What Will Hillary Clinton's Wall Street Policies Be? She's Ready To Enact A Plan

Hillary Clinton won the Democratic nomination for the presidency, and on, Thursday, she officially accepted the nominee title on stage at the Democratic National Convention in Philadelphia. In doing so, she pitched her candidacy and her platform to the lively audience of Democratic voters in attendance, and she outlined the downfalls of her opponent's candidacy and platform. Creating a stark contrast to Donald Trump, Clinton described her plans for Wall Street at the DNC — and they sound a lot like an appeal to reluctant voters within her own party.

In many ways, Clinton's DNC speech was a more glamorous version of her tried and true stump speech. She used phrases that supporters and opponents alike have come to expect from her, including references to the "woman card." (In case you missed it, she would like someone to "deal her in.") She hit on every issue that the convention was meant to highlight, from national security and gun violence to health care and debt.

On the topic of debt, in particular, Clinton seemed to make an appeal to some of the DNC's marginalized voices — the Bernie Sanders supporters who tried to make their voices heard throughout the week. Throughout his campaign, Sanders championed the idea of reigning in Wall Street's exorbitant wealth, while simultaneously criticizing Clinton for being a friend to Wall Street. On stage at the DNC, Clinton found an opportunity to set the record straight.


Clinton promised to help Americans get out of debt, to make child care more affordable, to make paid family leave a more robust part of American jobs, and to make college less expensive. (That last one in particular probably had many Sanders supporters' ears ringing.) Then, she explained how she'd pay for all of her proposed programs:

Wall Street, corporations, and the super rich are going to start paying their fair share of taxes. Not because we resent success. Because when more than 90 percent of the gains have gone to the top 1 percent, that's where the money is. And if companies take tax breaks and then ship jobs overseas, we'll make them pay us back. And we'll put that money to work where it belongs … creating jobs here at home!
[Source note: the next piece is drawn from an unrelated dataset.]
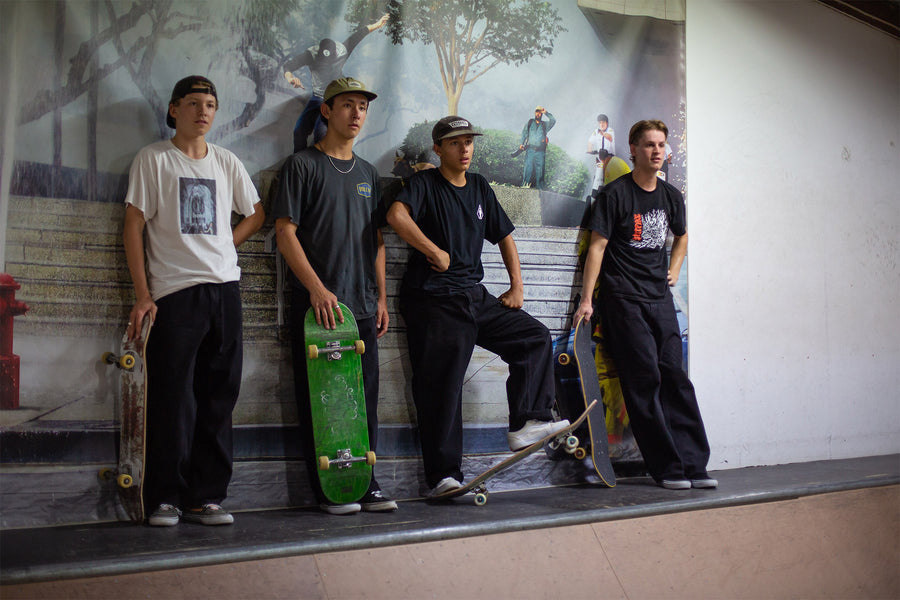 School Of Skate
In proposing higher taxes for Wall Street, Clinton said, "We're going to follow the money." That's certainly where the money is — there's no doubt about it. But that's where Sanders used to say Clinton was, too, making money off of speeches to big Wall Street firms like Goldman Sachs. Thursday's speech wasn't for money, but it may have been for the appeal of Sanders' supporters. Pro-Bernie factions within the Democratic Party protested loudly throughout this week's convention, despite the former candidate himself calling for unity.

Clinton even acknowledged the need for Sanders' ideas more directly at one point in her speech. "Our country needs your ideas, energy, and passion," Clinton said. "That is the only way we can turn our progressive platform into real change for America." In other words, expect to hear more about Wall Street from Clinton as the general election revs up.